Jaroslav Šaroch is a Czech public prosecutor who specializes in cases of fraud and economic offenses.
After graduating from law school, he worked as a prosecutor. In 1992, he became a lawyer, but repeatedly suspended the practice of advocacy and transferred back to the public prosecutor's office.
In 2002, he sent a doctor, Hana Burešová, who was examining a man with tuberculosis, who she sent to Thomayer Hospital, where he did not arrive at the pulmonary ward and died a few days later, due to the possible spread of a contagious disease due to negligence. The district court imposed a six-month condition on Burešová, but the doctor received a pardon from President Václav Havel. In the autumn of 2002, Šaroch, as a public prosecutor, granted a raid in a warehouse in Malešice, Prague, during which the customs administration confiscated 161,000 counterfeit textiles and footwear for 80 million crowns. According to the iRozhlas.cz website, this was a groundbreaking procedure in the fight against counterfeit textiles, cigarettes or music recordings, which showed the way to further interventions.

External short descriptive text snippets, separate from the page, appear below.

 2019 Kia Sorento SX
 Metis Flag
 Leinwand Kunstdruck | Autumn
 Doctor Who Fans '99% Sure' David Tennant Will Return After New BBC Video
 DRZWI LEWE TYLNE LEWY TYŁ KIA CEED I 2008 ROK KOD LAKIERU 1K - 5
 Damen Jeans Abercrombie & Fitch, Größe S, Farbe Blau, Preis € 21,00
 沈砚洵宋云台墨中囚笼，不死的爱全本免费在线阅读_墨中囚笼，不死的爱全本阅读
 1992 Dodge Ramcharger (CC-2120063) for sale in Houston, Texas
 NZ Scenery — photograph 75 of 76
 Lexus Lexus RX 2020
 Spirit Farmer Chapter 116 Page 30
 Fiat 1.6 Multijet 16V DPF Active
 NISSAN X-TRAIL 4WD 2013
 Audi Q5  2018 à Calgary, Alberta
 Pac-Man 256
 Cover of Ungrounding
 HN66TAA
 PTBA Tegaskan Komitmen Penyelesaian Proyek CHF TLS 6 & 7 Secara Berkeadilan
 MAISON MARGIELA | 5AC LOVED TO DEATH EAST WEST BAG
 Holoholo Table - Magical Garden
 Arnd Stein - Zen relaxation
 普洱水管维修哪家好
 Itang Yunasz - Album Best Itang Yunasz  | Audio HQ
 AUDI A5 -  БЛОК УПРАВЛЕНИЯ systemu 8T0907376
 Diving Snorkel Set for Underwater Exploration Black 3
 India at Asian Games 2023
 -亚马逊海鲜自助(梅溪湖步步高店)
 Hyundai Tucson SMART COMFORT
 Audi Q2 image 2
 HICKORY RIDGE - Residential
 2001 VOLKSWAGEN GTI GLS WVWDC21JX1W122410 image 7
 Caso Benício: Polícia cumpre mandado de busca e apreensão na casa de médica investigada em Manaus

He also dealt with the case of former TV director Vladimír Železný.
The most famous case that Šaroch oversees is the Stork's Nest case. On September 2, 2019, he stopped prosecuting Andrej Babiš in a conflict of interest case and thus became the target of criticism from the public and opposition politicians. This decision had to be assessed by Šaroch's superior at the Municipal Public Prosecutor's Office in Prague. On December 4, 2019, the Attorney General Pavel Zeman annulled the decision to stop the criminal prosecution of Prime Minister Andrej Babiš and Jana Mayerová, thus returning the case to further investigation, while Jaroslav Šaroch remained the supervising public prosecutor.